Опять меня относит к роману – в этом виновато время. Сейчас понятие времени, нами же самими изобретенное, потрясено до основ. Как-то я разговаривала с одним ученым, математиком и лингвистом одновременно. Возможно, он был также и поэтом, потому что, когда я наседала на него с вопросами об относительности, о том, как соотнести время с пространством, он сказал мне, чуть показав куда-то вбок: „Ну да, похоже, что время несколько покоробилось“. А другой, которому я жаловалась, что чувствую себя в ладони времени, в его кулаке, что время меня душит, а вовсе не уносит с собой в своем движении по прямой, ответил: „Но раз вы так чувствуете, значит, оно так и есть“. От меня что-то скрывают. Если в глазах этих ученых я была только дамой, задающей нелепые детские вопросы, им, людям взрослым, ничего бы не стоило послать меня подальше… Но нет, они долго со мной сидели, искренне желали мне помочь. Боюсь, что для них время – не что иное, как время астрономическое, математическая формула, которую вычисляют как можно точнее во всех обсерваториях мира и которая необходима для их прочих выкладок.

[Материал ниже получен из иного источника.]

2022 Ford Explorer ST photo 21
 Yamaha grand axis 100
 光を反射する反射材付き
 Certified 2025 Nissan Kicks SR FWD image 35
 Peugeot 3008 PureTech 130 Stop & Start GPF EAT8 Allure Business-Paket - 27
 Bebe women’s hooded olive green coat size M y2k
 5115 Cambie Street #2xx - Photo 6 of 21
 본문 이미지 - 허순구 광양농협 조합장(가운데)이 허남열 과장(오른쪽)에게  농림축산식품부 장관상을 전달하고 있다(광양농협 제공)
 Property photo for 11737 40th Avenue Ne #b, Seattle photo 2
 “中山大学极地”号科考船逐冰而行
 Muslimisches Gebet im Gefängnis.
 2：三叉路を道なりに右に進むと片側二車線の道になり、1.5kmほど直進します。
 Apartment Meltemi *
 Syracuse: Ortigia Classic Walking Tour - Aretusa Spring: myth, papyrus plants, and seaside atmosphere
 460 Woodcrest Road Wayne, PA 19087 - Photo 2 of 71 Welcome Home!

Любопытно, что по-французски слово „время“ обозначает не только сумму лет, часов, секунд, но также состояние атмосферы… В других языках погода определяется особым словом „weather“ – по-английски, „Wetter“ – по-немецки, „погода“ – по-русски… но по-французски во всех случаях говорят „время“. Надо думать, что не я одна ощущаю время как некую среду, как что-то постоянно присутствующее вокруг нас, окружающее нас наподобие воздуха или воды, когда мы садимся в ванну. Это „что-то“ и есть время. То обстоятельство, что другие выражения могут отсутствовать в том или другом языке, не объясняет отсутствия точного выражения именно в данном случае. По-немецки говорят „Mensch“, по-русски – „человек“; оба эти слова включают в себя и мужчину, и женщину; по-французски же нет такого слова, зато есть понятие „человеческое существо“, что при переводе часто усложняет дело. Совсем иначе все обстоит с выражением „хорошая погода“ („хорошее время“). Тем более, что животные и растения обманываются, смешивают время и погоду, и когда стоит „хорошая погода“ – „хорошее время“, требуется меньше времени, чтобы из яйца вылупился муравей или из почки выполз листок. То же самое относится к процессу гниения: в „холодную погоду“ – „холодное время“ требуется больше времени для того, чтобы труп окончательно сгнил. В видоизменениях мира время – мера длительности и время-погода находятся в тесной связи.
Однако в жизни Мадлены случались периоды мертвого времени, как я уже говорила в начале этой главы. Так зовется время без вех, жизнь без неожиданностей. Кипы рукописей не таяли, обои не меняли рисунка, взрывы оасовских террористов замирали вдали, бунт и негодование Мадлены отсырели, как порох, мужчины все одинаково назойливо ухаживали за ней, были все на одно лицо, говорили одинаковым языком, у всех были одинаковые машины, все одинаково на нее обижались… Верховая езда, упражнения на трапеции давали ей одинаковую радость… Нет, Мадлена не скучала, она боялась лишь одного: чтобы не кончилась эта новая жизнь; так жители поселка, расположенного у кратера вулкана, боятся извержения, ничего о нем, по сути дела, не зная. Огонь и лава – она не думала о них, ее единственной заботой было поскорее износить свою жизнь, нося ее ежедневно.
Когда Мадлене сказали, что решено прибить мемориальную доску к тому дому, где жил Режис Лаланд, она подумала: „Что ж, очень хорошо!“ Но мысль воздвигнуть ему памятник в деревне, где родился Режис, показалась ей нелепой.